From Russian escalation to a negotiated solution in Syria

By J. Dana Stuster
November 16, 2015 | THE HILL

Secretary of State John Kerry’s meetings with counterparts from the Gulf states, Iran, and Russia in Vienna represent the best chance the United States has for resolving Syria’s civil war. While Russia’s recent escalation clearly risks prolonging the violence needlessly, it could turn out to be the catalyst for a resolution to the crisis.
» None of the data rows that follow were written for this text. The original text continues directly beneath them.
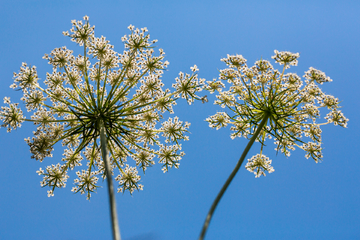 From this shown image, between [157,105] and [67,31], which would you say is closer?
[67,31]

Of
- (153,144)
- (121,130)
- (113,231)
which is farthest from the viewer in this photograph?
(153,144)

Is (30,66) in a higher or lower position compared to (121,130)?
higher

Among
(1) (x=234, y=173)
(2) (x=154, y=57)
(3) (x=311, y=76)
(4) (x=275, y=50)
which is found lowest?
(1) (x=234, y=173)

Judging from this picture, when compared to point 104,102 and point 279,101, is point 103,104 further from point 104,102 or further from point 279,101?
point 279,101

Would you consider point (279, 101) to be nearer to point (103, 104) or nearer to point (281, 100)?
point (281, 100)

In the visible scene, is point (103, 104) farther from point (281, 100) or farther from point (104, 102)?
point (281, 100)

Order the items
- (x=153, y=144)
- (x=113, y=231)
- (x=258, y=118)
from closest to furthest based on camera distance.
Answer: (x=113, y=231) → (x=258, y=118) → (x=153, y=144)

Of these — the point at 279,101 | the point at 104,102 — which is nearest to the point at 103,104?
the point at 104,102

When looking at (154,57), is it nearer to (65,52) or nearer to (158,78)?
(158,78)

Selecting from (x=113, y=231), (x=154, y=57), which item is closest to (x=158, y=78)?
(x=154, y=57)

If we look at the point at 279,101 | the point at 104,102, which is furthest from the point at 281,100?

Russia’s strikes so far and the fact that the meetings are happening at all are a reason to pursue this diplomatic opening, especially when the United States has few options in Syria short of risking a direct military conflict with Russia.

When Russia began conducting airstrikes in defense of the Assad regime a month ago, the assessment of many Kremlinologists was that it was the latest manifestation of President Vladimir Putin’s impulsive action bias. “The question is, have the Russians thought two or three moves ahead?” Andrew Weiss of the Carnegie Endowment for International Peace said. “This to me looks suspiciously like what happened in Ukraine, where what seemed like a good idea, a very pressurized decision by the Russians to unleash aggression against Ukraine, has backfired quite badly.”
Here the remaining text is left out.